Sound

 

Lisa Sove: Make them Laugh!

In August 1997 Jos Houben and Micheline Vandepoel ran a workshop on humour for a diverse group of twenty individual performers - professional actors, creators and producers of original comedic theatrical productions.

In Search of Stability
'If I go to the news-stand- I pay my money, the vendor gives me my change, I take the newspaper -and no one laughs. This is because the code is understood and followed.'

According to Jos Houben we laugh to stabilise an unstable situation. Before we can construct instability, however, we need to understand and analyse stability. The backbone of the week’s physical and theoretical exploration were the words of Moshe Feldenkrais: 'When you know what you do, you can do what you want’.
Houben and Vanderpoel work with what is known as the neutral mask - a simple mask with a peaceful expression, designed to help find the universal in human behaviour. 'We need to discover how things should happen in an ideal world, to have a sense of what is right and wrong and how this is organised’. According to Jos Houben, in so doing, we become more aware of our subjectivity. `Because we've already lived for a while, life has formed us and without realising it we tell a story before we tell the story we want to tell. Just by the way we walk, stand, sit or turn our head. By becoming more aware of the story we already tell, we can tell the story we really want to tell more consciously.'
Simple improvisations are set up in search of stability and neutrality. One example might be a restaurant, with a waiter and a customer. The objective is to play the obvious situation according to the rules, conveying nothing more than the customer enters a restaurant, the waiter offers a table, the customer sits down, the waiter brings the menu, the customer makes his or her choice, the waiter goes to the kitchen, etc. And no laughter must be elicited. In practice this proves impossible. Within no time the group is rolling around with laughter. The point is then to work out exactly what makes the group laugh. It soon becomes apparent that nearly every word or movement tempts the actor away from neutrality. The rules of the code are constantly being broken, with, for example, the smallest hesitation, repetition, misunderstanding, or unclear or superfluous gesture.
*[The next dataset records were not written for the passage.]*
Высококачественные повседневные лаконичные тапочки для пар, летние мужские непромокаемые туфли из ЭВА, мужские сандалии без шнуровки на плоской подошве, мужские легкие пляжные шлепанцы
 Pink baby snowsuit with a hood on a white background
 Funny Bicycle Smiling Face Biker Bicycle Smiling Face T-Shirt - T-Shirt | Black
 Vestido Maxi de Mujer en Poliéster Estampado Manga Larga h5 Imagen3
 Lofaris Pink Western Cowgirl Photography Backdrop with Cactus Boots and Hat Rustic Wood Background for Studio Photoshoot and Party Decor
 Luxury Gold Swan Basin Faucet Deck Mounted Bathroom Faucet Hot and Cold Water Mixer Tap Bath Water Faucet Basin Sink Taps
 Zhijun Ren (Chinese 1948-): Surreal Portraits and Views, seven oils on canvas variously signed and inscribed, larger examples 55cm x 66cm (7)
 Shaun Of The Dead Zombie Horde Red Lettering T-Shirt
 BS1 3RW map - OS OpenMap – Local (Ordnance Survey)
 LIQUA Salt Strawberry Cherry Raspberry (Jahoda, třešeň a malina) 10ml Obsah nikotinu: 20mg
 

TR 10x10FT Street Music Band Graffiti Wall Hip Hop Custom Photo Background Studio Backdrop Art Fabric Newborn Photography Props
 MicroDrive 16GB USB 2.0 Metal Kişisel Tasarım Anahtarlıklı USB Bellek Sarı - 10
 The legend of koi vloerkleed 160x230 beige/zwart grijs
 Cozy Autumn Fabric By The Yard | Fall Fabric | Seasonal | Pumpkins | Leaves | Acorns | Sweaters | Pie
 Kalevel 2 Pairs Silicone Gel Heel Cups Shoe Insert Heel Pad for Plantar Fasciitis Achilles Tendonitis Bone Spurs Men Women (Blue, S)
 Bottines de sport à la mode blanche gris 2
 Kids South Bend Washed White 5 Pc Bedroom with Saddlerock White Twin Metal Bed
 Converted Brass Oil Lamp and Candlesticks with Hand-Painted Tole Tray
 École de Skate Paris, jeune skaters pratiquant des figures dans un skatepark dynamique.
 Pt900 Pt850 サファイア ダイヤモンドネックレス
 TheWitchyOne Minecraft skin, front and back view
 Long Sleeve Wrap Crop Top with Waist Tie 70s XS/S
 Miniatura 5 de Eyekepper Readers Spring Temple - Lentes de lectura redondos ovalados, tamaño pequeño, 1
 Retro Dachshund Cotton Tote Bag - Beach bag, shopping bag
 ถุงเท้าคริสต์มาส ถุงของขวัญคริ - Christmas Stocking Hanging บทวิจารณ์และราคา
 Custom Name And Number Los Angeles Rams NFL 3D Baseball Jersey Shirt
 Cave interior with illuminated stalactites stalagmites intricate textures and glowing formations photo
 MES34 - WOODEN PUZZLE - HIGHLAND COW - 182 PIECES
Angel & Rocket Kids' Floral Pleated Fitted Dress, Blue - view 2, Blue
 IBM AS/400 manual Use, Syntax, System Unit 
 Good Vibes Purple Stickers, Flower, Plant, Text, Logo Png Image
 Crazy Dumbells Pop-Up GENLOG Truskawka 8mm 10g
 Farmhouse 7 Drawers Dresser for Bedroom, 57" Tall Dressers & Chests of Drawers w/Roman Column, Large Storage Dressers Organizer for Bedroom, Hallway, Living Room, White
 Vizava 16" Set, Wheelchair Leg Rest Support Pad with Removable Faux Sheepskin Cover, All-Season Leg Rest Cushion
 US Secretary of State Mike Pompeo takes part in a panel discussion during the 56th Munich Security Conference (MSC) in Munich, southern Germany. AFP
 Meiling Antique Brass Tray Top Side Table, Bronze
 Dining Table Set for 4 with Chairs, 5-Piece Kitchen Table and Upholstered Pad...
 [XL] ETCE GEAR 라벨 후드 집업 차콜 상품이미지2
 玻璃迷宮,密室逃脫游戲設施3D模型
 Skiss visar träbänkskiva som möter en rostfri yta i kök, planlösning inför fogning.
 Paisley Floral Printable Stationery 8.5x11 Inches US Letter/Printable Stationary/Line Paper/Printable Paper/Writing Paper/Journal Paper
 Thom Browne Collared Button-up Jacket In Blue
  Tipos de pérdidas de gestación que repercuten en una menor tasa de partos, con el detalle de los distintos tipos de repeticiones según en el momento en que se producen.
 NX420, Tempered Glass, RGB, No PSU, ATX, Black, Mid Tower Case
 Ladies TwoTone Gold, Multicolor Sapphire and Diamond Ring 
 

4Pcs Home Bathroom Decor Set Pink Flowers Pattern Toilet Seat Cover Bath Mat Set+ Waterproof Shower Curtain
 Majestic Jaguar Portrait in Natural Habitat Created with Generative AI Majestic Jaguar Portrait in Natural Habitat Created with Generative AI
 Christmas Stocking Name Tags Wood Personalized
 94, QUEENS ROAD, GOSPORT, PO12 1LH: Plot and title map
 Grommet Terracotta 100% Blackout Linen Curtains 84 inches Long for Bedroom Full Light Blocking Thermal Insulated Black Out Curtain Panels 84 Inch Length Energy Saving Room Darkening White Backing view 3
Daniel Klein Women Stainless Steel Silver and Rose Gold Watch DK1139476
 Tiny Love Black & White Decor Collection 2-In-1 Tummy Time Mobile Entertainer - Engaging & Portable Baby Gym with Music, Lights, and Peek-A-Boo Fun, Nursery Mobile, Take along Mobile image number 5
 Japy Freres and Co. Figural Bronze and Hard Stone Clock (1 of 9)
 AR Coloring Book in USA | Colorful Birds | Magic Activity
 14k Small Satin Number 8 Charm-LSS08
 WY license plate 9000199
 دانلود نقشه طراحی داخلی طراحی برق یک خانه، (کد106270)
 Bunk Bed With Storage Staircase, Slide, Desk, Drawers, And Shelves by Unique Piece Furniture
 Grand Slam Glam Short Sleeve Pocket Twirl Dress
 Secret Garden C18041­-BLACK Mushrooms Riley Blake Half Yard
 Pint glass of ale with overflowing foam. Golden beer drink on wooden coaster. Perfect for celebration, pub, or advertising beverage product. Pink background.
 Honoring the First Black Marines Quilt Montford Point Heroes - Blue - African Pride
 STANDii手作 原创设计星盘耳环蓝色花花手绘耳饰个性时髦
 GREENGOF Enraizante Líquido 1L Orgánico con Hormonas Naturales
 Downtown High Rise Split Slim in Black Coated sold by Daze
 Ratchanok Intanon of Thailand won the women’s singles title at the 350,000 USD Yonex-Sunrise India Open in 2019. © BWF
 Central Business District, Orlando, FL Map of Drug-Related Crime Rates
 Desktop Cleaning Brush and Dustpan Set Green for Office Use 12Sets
Organising Destabilisation
Once the principle of stability is understood Jos and Micheline proceed with destabilising, playing with systems of chaos and anarchy.'We laugh when something happens out of context, when we fail, when there is a surprise. When our intention is interrupted, when there is disorganisation, exaggeration or inversion of what is expected to or should happen.' As Jos Houben explains: 'All over the world, except in crisis situations, people laugh when someone trips and falls over. Playing with falling, pain and torture inverts our most fundamental ambition to stand upright - without pain, achieving pleasure and happiness.’

To realise this as a comedic actor, the player has to be in control of timing, build-up, movement, and gesture, making the character appear disorganised and ineffective. This in turn needs to be readable and reproducible. A piece of comedy, just like a painting, a piece of music, or a dance, needs organisation in order to exist.